Power/performance modeling of Single-ISA heterogeneous chip multiprocessor

Abstract

Homogeneous multicore processors have emerged as the prime approach for offering high parallelism, high performance and scalability for a wide range of applications over the last decade. Now the heterogeneous architectures comprising of specialized cores for the specific workloads are becoming popular for providing high performance and power efficiency at the same time. Exploration of the heterogeneous architectures is a challenging task as it involves reconsideration of important system parameters which include architecture options, operating system implications and application development. In this project we are exploring the Single ISA heterogeneous multiprocessors. There are two objectives for this project. First is to create new heterogeneous architectures by varying certain parameters of the processor for the x86 architecture. Second is to perform power and performance simulations of these heterogeneous multiprocessors. The results of heterogeneous multiprocessor simulations will be compared with that of homogeneous multiprocessors in order to understand the power/performance trade off of heterogeneous
chip multiprocessors.

Introduction

The power and performance are two of the key parameters which are driving the research in the processor architecture.

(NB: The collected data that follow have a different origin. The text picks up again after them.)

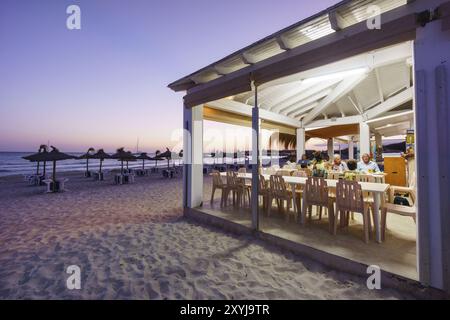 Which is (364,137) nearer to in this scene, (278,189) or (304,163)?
(304,163)

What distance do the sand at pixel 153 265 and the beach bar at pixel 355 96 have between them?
1.44 ft

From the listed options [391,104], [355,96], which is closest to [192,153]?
[355,96]

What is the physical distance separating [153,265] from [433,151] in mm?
3534

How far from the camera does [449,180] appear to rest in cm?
191

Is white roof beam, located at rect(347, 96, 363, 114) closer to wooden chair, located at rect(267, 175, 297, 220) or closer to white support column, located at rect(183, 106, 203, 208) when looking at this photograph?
wooden chair, located at rect(267, 175, 297, 220)

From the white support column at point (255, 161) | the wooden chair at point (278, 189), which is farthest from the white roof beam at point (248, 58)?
the wooden chair at point (278, 189)

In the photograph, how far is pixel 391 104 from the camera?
653cm

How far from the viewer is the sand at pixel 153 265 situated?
7.23 ft

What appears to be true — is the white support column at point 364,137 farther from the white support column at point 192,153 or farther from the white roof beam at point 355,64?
the white support column at point 192,153

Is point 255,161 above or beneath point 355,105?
beneath

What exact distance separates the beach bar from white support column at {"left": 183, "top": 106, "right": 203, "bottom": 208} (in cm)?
3

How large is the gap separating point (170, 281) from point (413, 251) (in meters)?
3.25

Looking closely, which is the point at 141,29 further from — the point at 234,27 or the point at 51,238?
the point at 51,238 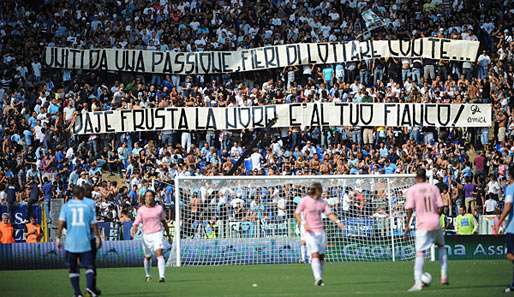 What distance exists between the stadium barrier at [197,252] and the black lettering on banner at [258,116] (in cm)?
1019

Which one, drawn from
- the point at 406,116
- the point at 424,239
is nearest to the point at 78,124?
the point at 406,116

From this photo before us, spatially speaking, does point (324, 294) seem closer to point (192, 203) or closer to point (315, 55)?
point (192, 203)

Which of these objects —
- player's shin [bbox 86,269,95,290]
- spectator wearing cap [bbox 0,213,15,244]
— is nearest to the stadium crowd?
spectator wearing cap [bbox 0,213,15,244]

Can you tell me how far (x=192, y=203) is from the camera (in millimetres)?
32406

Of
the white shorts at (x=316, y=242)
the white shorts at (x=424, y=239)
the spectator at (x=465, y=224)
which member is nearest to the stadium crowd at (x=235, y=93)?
the spectator at (x=465, y=224)

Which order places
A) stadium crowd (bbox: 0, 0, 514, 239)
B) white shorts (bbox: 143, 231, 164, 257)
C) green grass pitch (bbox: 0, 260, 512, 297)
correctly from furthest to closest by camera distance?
stadium crowd (bbox: 0, 0, 514, 239) < white shorts (bbox: 143, 231, 164, 257) < green grass pitch (bbox: 0, 260, 512, 297)

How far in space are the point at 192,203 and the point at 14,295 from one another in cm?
1128

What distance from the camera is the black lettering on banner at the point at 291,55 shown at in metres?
43.9

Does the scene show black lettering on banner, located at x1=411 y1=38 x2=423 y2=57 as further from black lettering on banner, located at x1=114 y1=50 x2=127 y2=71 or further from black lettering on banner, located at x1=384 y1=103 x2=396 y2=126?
black lettering on banner, located at x1=114 y1=50 x2=127 y2=71

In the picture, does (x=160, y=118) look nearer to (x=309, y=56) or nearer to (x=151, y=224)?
(x=309, y=56)

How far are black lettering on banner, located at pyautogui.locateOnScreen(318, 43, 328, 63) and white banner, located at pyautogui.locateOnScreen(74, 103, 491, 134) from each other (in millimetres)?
2821

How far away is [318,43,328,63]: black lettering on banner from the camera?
143 feet

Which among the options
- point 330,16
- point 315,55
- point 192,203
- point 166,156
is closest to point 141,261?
point 192,203

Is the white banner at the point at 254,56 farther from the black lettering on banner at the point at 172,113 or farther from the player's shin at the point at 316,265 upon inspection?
the player's shin at the point at 316,265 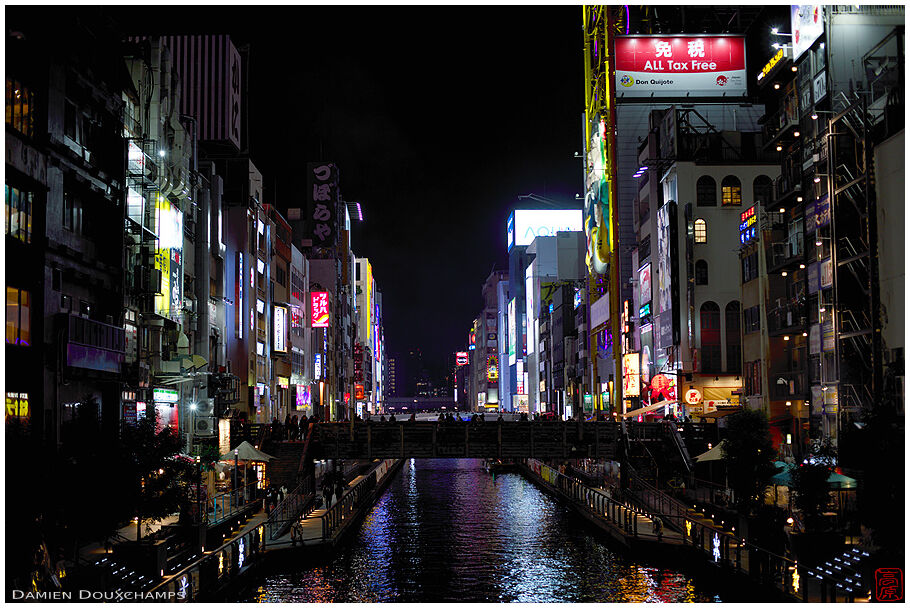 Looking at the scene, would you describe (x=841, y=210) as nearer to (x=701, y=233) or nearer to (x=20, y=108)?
(x=701, y=233)

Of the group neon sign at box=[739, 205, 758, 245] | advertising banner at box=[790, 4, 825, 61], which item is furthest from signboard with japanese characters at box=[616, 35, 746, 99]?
advertising banner at box=[790, 4, 825, 61]

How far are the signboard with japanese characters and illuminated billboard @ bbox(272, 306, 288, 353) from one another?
46.5 metres

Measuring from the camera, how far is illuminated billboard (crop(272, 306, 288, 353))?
97.9 meters

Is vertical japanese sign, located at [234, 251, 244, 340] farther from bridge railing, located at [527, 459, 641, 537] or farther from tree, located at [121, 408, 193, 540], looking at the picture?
tree, located at [121, 408, 193, 540]

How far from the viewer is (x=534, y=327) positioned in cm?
18888

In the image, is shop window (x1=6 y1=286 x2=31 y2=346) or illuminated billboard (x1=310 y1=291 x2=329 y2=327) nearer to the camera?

These days multicore processors are becoming very attractive as they provide higher instruction throughput and less power. Multi-core processors also give the designer more flexibility to meet specific power/performance goals. As more cores are being integrated on the die, commercial operating systems
are evolving to efficiently support the parallelism provided by multi-core processors. As different types of cores are now available, the architectural options when designing a multicore processor are also better. It also introduces the possibility for developing heterogeneous architectures that mix and match big and small cores on the same die to provide a range of power/performance capability. In addition to big and small cores, on-die integration of domain-specific accelerators for special-purpose functionality like graphics and media processing has also become wide-spread. Some of the previous studies have shown that single-ISA heterogeneous multicore architectures provide better power/performance numbers as compared to homogenous processors. Single-ISA heterogeneous multicore processors provide greater flexibility to the designers to meet particular power/performance goals. Single-ISA heterogeneous architecture consists of multiple core with each core representing a different point in power-performance graph.
This allows an application to map on a particular core which best suits its power/performance requirements. This results in higher overall computational efficiency than conventional homogenous chip multiprocessors. Most of the previous work assumed a given architecture. Those architectures were composed of existing architectures, either different generations of the same processor family or the voltage or frequency scaled
editions of a single processor. While these architectures gave better results than similar homogenous designs but they failed to reach the full potential of heterogeneity. The reason for less potential of heterogeneity is that pre existing cores provided less flexibility in choice of cores. Second, those cores choices generally maintain a monotonic relationship in a way that the bigger core of the family is always powerful for all the applications.
Also all the cores are considered to perform equally for all the workloads. In this project we explored the single-ISA heterogeneous multi core designs using x86 architecture by
doing the power and performance simulations of these processors for a large design space by varying microarchitectural parameters for different workloads. The results of the simulations of heterogeneous multicore processors are compared to that of homogeneous multicore processors. Figure 1 shows the pictorial representation of single-ISA heterogeneous multicore processor.

Background

Kumar et. al.[1] studied the characteristics of heterogeneous architecture comprising of Alpha cores for the highest area or power efficiency. The study is done for varying degrees
of thread-level parallelism and for different area and power budgets. This study leads to conclusion that most efficient heterogeneous multiprocessor is not constructed of cores that make good general-purpose uniprocessor cores, or even those cores that would appear in a good homogenous multiprocessor architecture.
Kumar et. al.[2] also studied and evaluated the single-ISA heterogeneous multi-core architectures as a mechanism to reduce power dissipation. The study incorporated heterogeneous Alpha cores representing different points in the power/performance design space.In this study they included four Alpha cores - EV4(Alpha 21064), EV5(Alpha 21164),
EV6(Alpha 21264) and a single threaded version of the EV8(Alpha 21464). In both of the above studies they have used SMTSIM simulator which was developed by one of the
co-authors.
The major contribution of these papers were in the following areas:

The best way to design a heterogeneous CMP is by tuning each individual core for a class of applications with common characteristics. Customizing cores to subsets of workloads results in processors that are typically non-monotonic (i.e., there is no strict gradation among cores in terms of overall performance or complexity).
Performance advantages of heterogeneous, and even non monotonic, multiprocessors continue to hold even for a collection of completely homogeneous workloads. In those
cases, such processors exploit the diversity across different workloads.
This work deals with only multiprogrammed benchmarks and thus assumes all the properties to be additive. The paper simulates the performance and power of single cores and then adds those for the multiprogram analysis. Our analysis is based on multi-threaded architecture and thus requires simulation of the multicores with multi-threaded programs.
The problems like cache coherency, memory bandwidth conflict and other issues would arise in our study which would give very different power and performance results of the multicore combinations then the previous mentioned paper.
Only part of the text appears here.